The listing below holds pictures; exclude them. Return exactly the lines from the one with "ANOINTING Oil – Balm of Gilead – 1 OZ" through the one with "Used 2012 FIAT 500 Lounge FWD image 32".

(MATERIAL SHOWN begins)

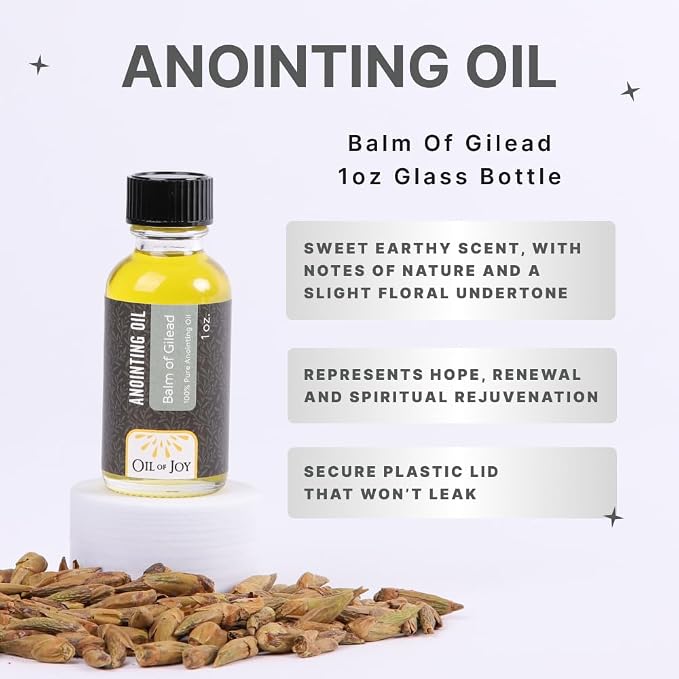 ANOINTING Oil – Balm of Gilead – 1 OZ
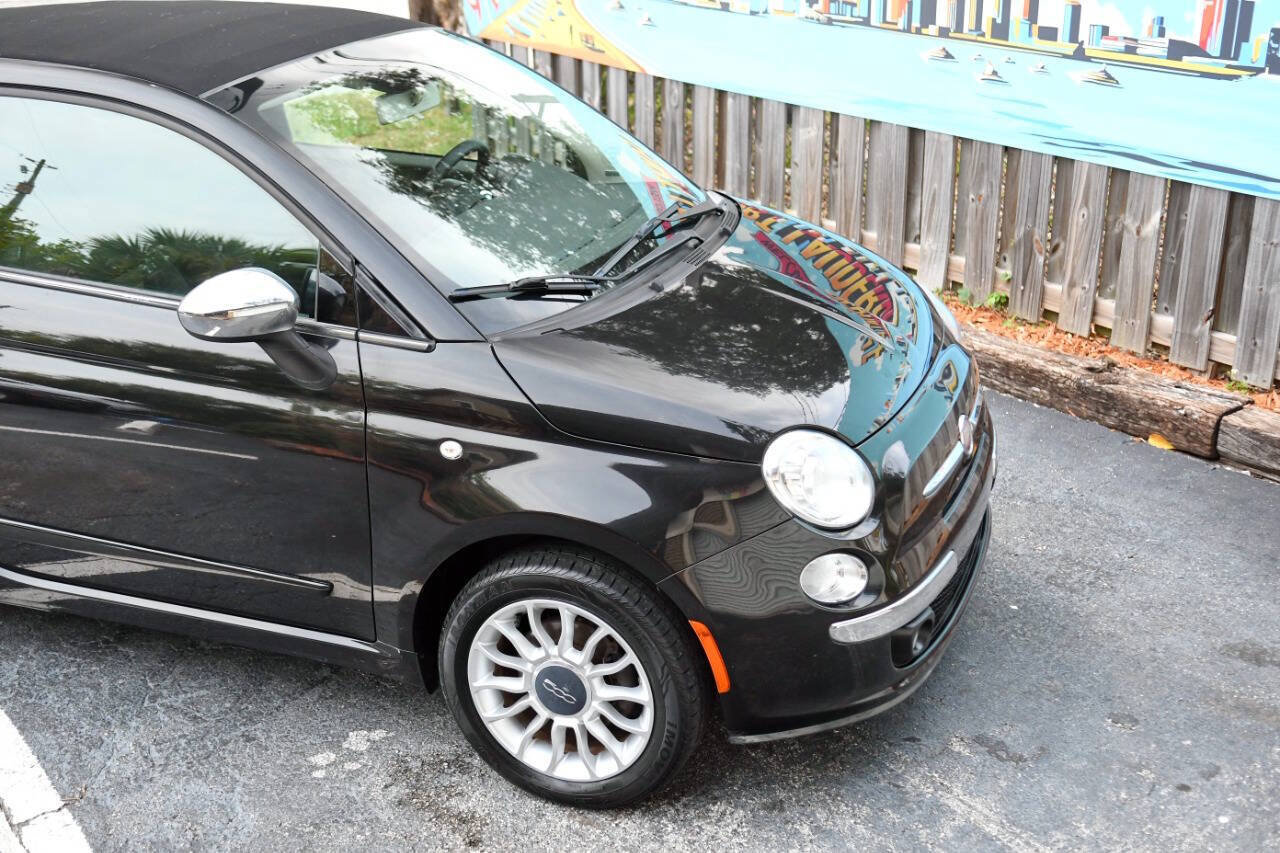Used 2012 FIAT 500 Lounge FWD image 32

(MATERIAL SHOWN ends)
(MATERIAL SHOWN begins)

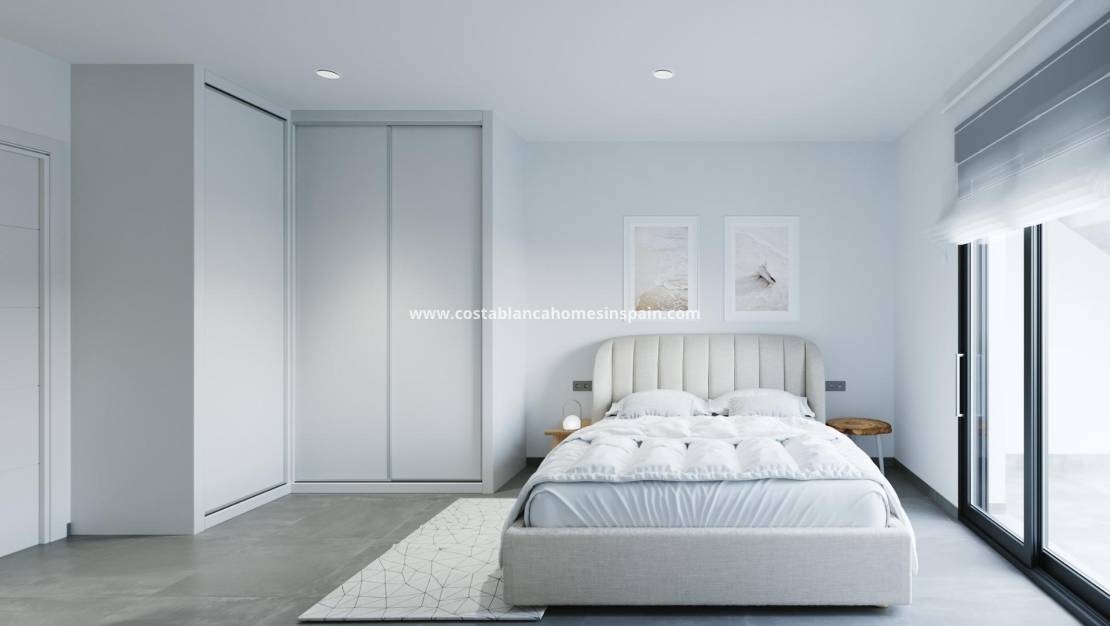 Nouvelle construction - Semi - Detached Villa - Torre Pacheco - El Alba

(MATERIAL SHOWN ends)
(MATERIAL SHOWN begins)

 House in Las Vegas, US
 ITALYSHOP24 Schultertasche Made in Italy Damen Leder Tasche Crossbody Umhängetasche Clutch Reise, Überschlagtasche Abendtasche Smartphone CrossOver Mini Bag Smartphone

(MATERIAL SHOWN ends)

EXERCISE OUTPUT ->
 ANOINTING Oil – Balm of Gilead – 1 OZ
Used 2012 FIAT 500 Lounge FWD image 32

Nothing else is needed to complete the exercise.